Her skin was petal soft, and he couldn’t resist rubbing his thumb along her wrist once before letting go. Squeezing her eyes shut, she yanked her knees to her chest and rocked back and forth.
The flickering light of their campfire danced upon her pale white skin. Adding shadow to hollows, giving her an almost sinister appearance.
“Are you okay?” he asked into the settling quiet.
She sniffed. “I don’t know. I don’t feel right anymore.”
He cocked his head. “Right how?”
When she turned to look at him there was obvious confusion in her gaze, her rigid posture and seesawing breaths made his heart clench.
“I can’t help you if you don’t tell me,” he said softly.
She rubbed her temple. The vivid blue hair almost seemed to glow in the night. Flickering bursts of fire suddenly spilled down from the tree branches above them, sparking and then dying out quickly. He frowned.
She must have noticed his gaze, because she said, “They’re just fireflies. My scream must have disturbed them,” she settled her cheek on her folded forearm, “I’m sorry.”
“Lissa.” There was a wealth of meaning behind her name. So many questions that’d been nagging at him throughout the night.

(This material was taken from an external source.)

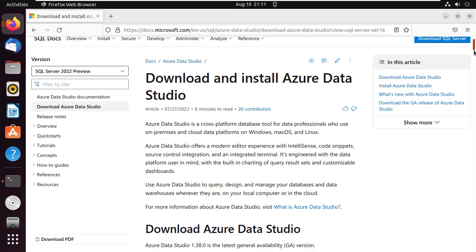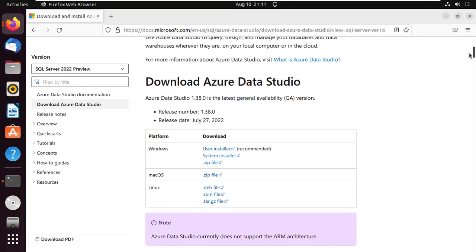After the update, go to the Microsoft download page and download Azure Data Studio. The link is in the description of this video.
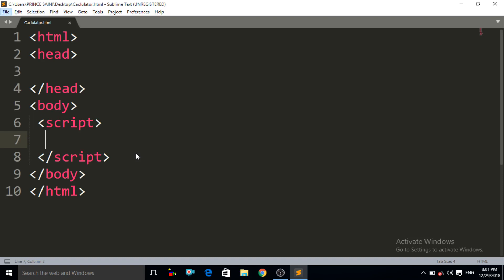Hello friends. Welcome to the MindTouchTech YouTube channel. My name is Prince and this is our 7th JavaScript lecture. In this lecture we will make a simple calculator by the use of prompt boxes in JavaScript — how to make a simple calculator program in JavaScript. So let us start.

Things he couldn’t understand. Couldn’t figure out. So much wasn’t adding up, wasn’t making sense. Ever since he’d stepped foot in Wonderland not much did.

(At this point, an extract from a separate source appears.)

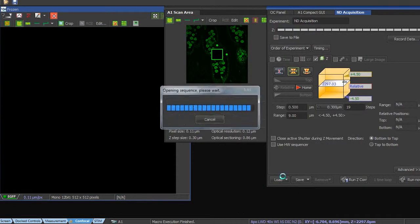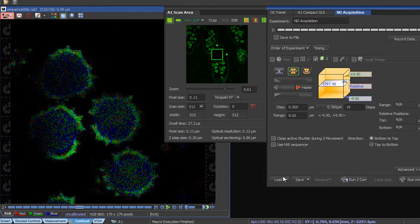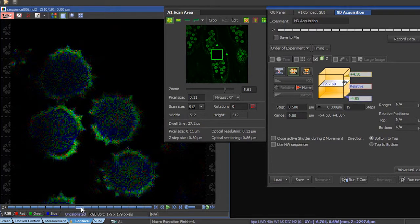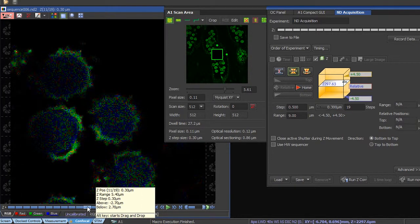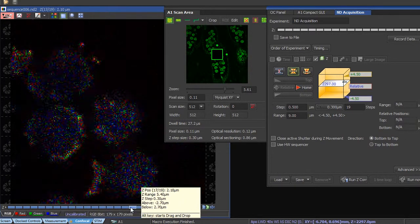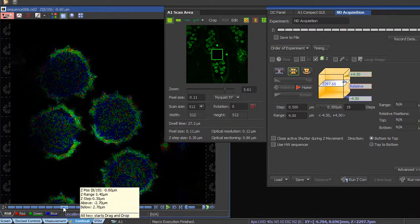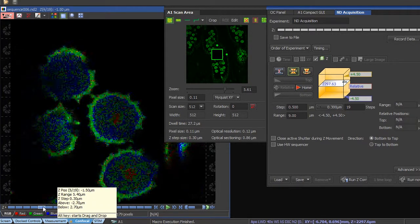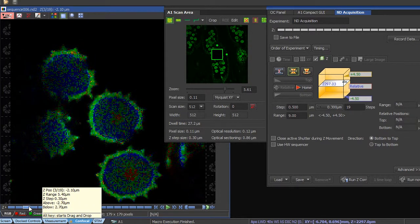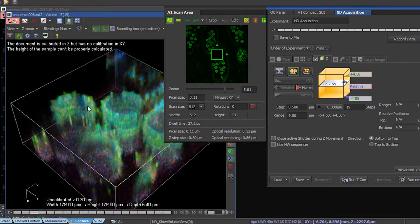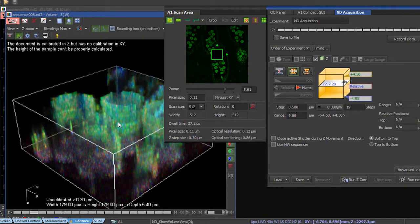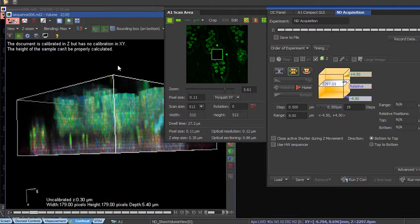So the images are then being transferred to the NIS software. And with the mouse here, I can scroll through all those 19 layers. If I then want to create the 3D image, I go to this little icon up here. And here it is, our 3D stack.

She nodded and sniffed, her toes curled against one another in a fidgety manner. “What happened to me, Aeric?” she peeked at him from beneath lowered lashes.
The oddest compulsion to go to her and wrap her in his arms overcame him. She appeared so small, almost vulnerable just then. Not like the sharp-witted cat of before.

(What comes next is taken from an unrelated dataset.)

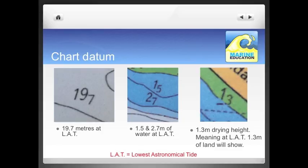The central image, which is in blue — meaning shallow water — has two figures on it. One is a large 1 next to a small 5, which means 1.5 metres of water, and a large 2 next to a small 7, which means 2.7 metres of water at lowest astronomical tide. The image on the right, which is located in the green area — meaning it's an area that dries out — is a large 1 and a small 3, which means it's 1.3 metres of land showing above water height at lowest astronomical tide.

As far as track records went, Aeric had never really had a good one when it came to the opposite sex. But ever since leaving her, and subsequently discovering she’d been abducted and had who knew what done to her, he realized he liked her more than he’d cared to admit before.
But kindness had always betrayed him in the past. A lesson he’d sworn he’d finally learned with Claudia. And while his brain screamed that going to her right now would only lead him down the same path he’d stupidly followed before, he couldn’t stop himself either.
Rumpel had been right, he was a sucker, and what was worse, he knew it.
Shoving to his feet, clamping down on the inside of his cheek, he walked to Lissa. Refusing to think it through, because if he did, he’d walk away. He sat beside her and drew her slight body into the shelter of his arms.
She crawled onto him with the grace of a cat, and rubbed her cheek over and over into his chest.
Touching her now took on a different meaning. Ever since the thought that he’d lost her, having her here, in his arms now… his body craved her in a way he hadn’t craved a woman in a long, long time.
She whimpered.
“Lissa?” He kissed the top of her cheek, unable to stop himself. “What can I do?”
Shaking her hand, she fisted his shirt and sighed. “You’re doing it already, Aeric.”
Blood rushed to his cock as she shifted on his lap, biting down on his tongue he stifled a groan. Seduction couldn’t happen, not now, there were too many questions. Too many things that just weren’t adding up. Things he needed to ask her, he needed to let her go. Needed some space.
But his arms didn’t open.
“Why did you come back for me?” she asked softly, just a whisper of sound in the quiet lull of a sleeping forest.
He sighed. To say it out loud, that he’d dreamed she’d been in danger sounded ridiculous. But she obviously needed to hear something.
Moving, so that she was now straddling him. She wrapped her arms and legs around his waist; her breathing began to grow more settled then.
But not his.
His heart raced, adrenaline pumped through every vein in his body. She had to feel his thickness pressing against her warmth.
Gods, he was aware of her on an almost visceral level. The smell of her, like the clean freshness of a spring rain, saturated his senses. Lissa always smelled of the world she lived in.
The night was thick, the shadows unmoving and it was so easy to close his eyes, drop his nose into the lush softness of her wavy hair and take her scent deep into his lungs.
But she waited for his answer. “I’m failing, Lissa,” he finally murmured against her forehead.
She pulled back just slightly, enough to be able to gaze into his eyes. “How so?”